Neuf mois après sa création, l'une des principales coalitions de l'opposition rwandaise vole en éclat. La Coalition des partis d'opposition pour le changement, CPC, avait été créée sous l'impulsion de Faustin Twagiramungu, l'ancien Premier ministre rwandais et comprenait en son sein, les FDLR. Alors que la communauté internationale durcit le ton face aux rebelles hutus rwandais et promet des opérations militaires si leur désarmement ne devient pas effectif d'ici la fin de l'année, le mouvement rebelle dénonce une trahison du président de la coalition.

Ce qui a fait voler la coalition en éclat, c'est un communiqué publié au nom de la CPC prônant, pour permettre un dialogue politique et éviter des opérations militaires, la mise à l'écart des chefs FDLR. Notamment ceux sous sanctions de l'ONU comme le président par intérim, Victor Byiringiro ou recherchés pour des crimes de génocide ou crimes de guerre comme l'homme fort des rebelles hutus rwandais, Sylvestre Mudacumura.

Le communiqué en question daté du 6 octobre dernier est signé Faustin Twagiramungu. « C'est un dictateur impertinent qui méprise ses collaborateurs », rétorque l'un des principaux intéressés Victor Byiringiro. Le président par intérim des FDLR a immédiatement publié son propre communiqué, lui aussi, au nom de la CPC, dénonçant une « trahison » de l'ancien premier ministre rwandais et affirmant le remplacer à la tête de la coalition.

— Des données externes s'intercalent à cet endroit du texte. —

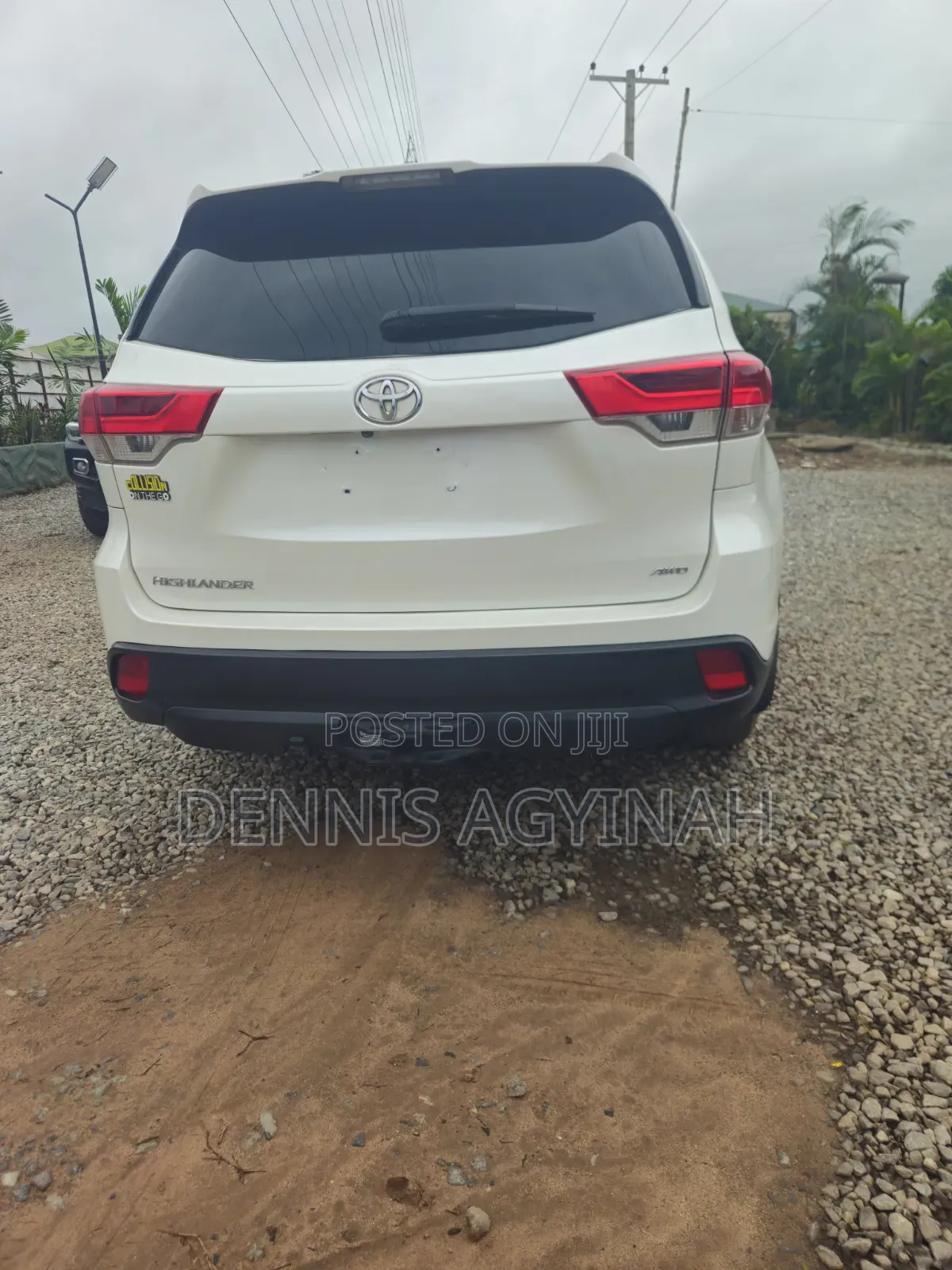 Toyota Highlander LE Plus 4x4 V6 (3.5L 6cyl 8A) 2017 White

« Quand Victor Byiringiro parle de mise à l'écart, il n'est pas sanctionné, mais si c'est moi qui le dis, je le suis », se plaint Faustin Twagiramungu. L'ancien premier ministre rwandais fait référence à une interview du président par intérim des FDLR sur RFI qui avait lui-même évoqué la possibilité de remettre Sylvestre Mudacumura à la CPI.

« Le différend est beaucoup plus ancien que ça », estime pour sa part Paulin Murayi, le président de l'UDR, un parti a décidé de se ranger derrière les FDLR. Paulin Murayi n'est autre que le gendre de Félicien Kaguba, accusé d'avoir financé le génocide et toujours recherché. Le président de l’UDR estime que Faustin Twagiramungu est quelqu'un qui a « toujours divisé au Rwanda en se mettant en avant ».

Le président du PS Imberakuri, aussi présenté comme membre de la CPC, refuse de prendre position. Bernard Ntaganda, libéré au Rwanda il y a quelques mois, estime qu'il a besoin d'y voir clair puisque la décision de rejoindre cette coalition avait été prise pendant sa détention. Signe tout de même d'une désolidarisation : Bernard Ntaganda assure qu'Alexis Bakunzibake, qui était jusqu'à juin son vice-président et qui avait rejoint la CPC au nom du PS Imberakuri, n'est plus dans les instances dirigeantes de ce parti.